=== Work order ===
Start at the line in the entries below that contains "Vintage Wall Mount", stop at the line that contains "27 Aangepaste gastlijstnamen", and output exactly the lines in that span, both ends included.

=== Given records ===
------------------------------------------------------------

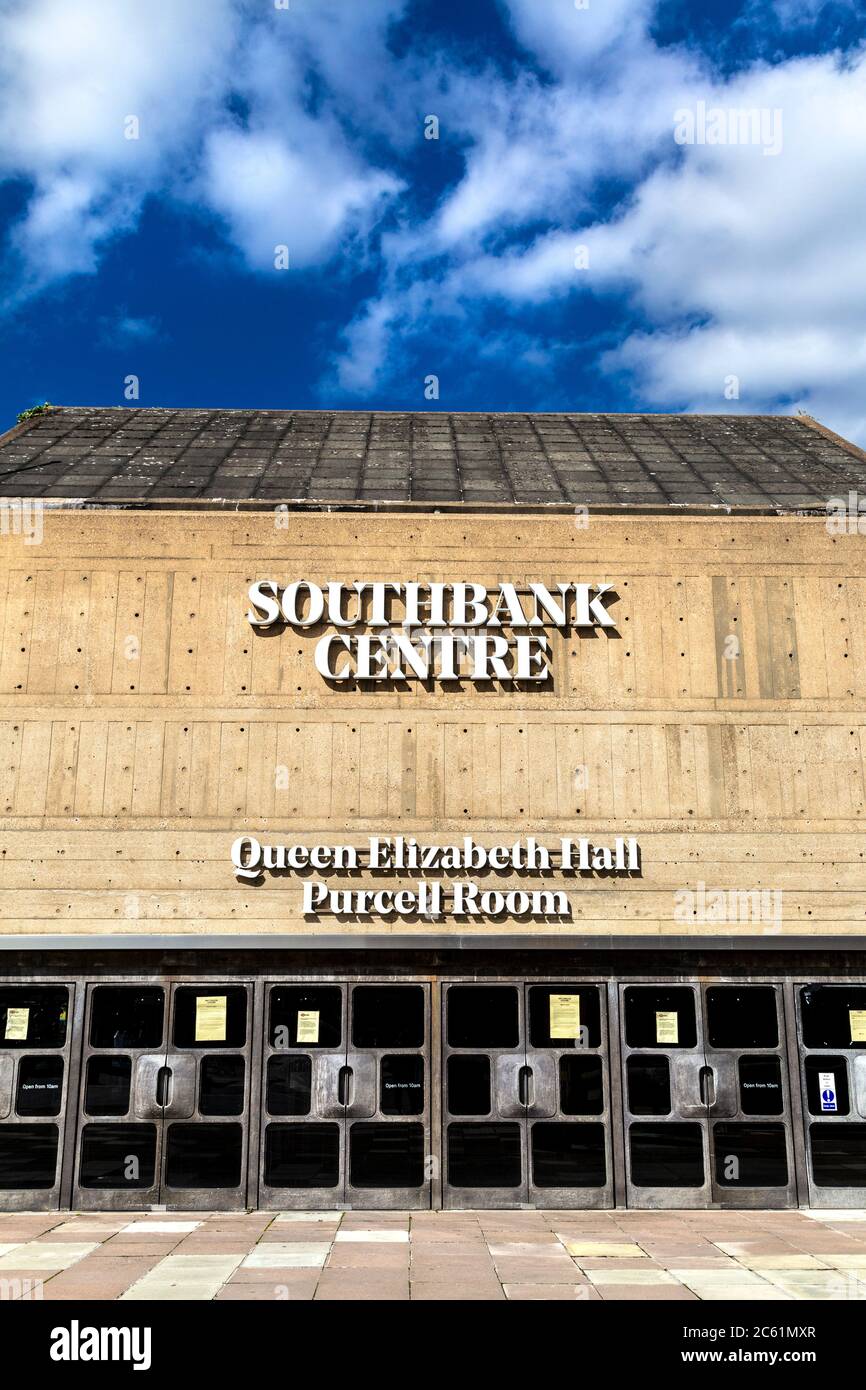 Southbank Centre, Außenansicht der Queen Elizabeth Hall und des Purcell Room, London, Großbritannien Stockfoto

------------------------------------------------------------

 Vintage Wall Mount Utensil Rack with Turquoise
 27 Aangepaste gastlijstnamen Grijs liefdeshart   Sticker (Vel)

------------------------------------------------------------

=== Exercise solution ===
 Vintage Wall Mount Utensil Rack with Turquoise
 27 Aangepaste gastlijstnamen Grijs liefdeshart   Sticker (Vel)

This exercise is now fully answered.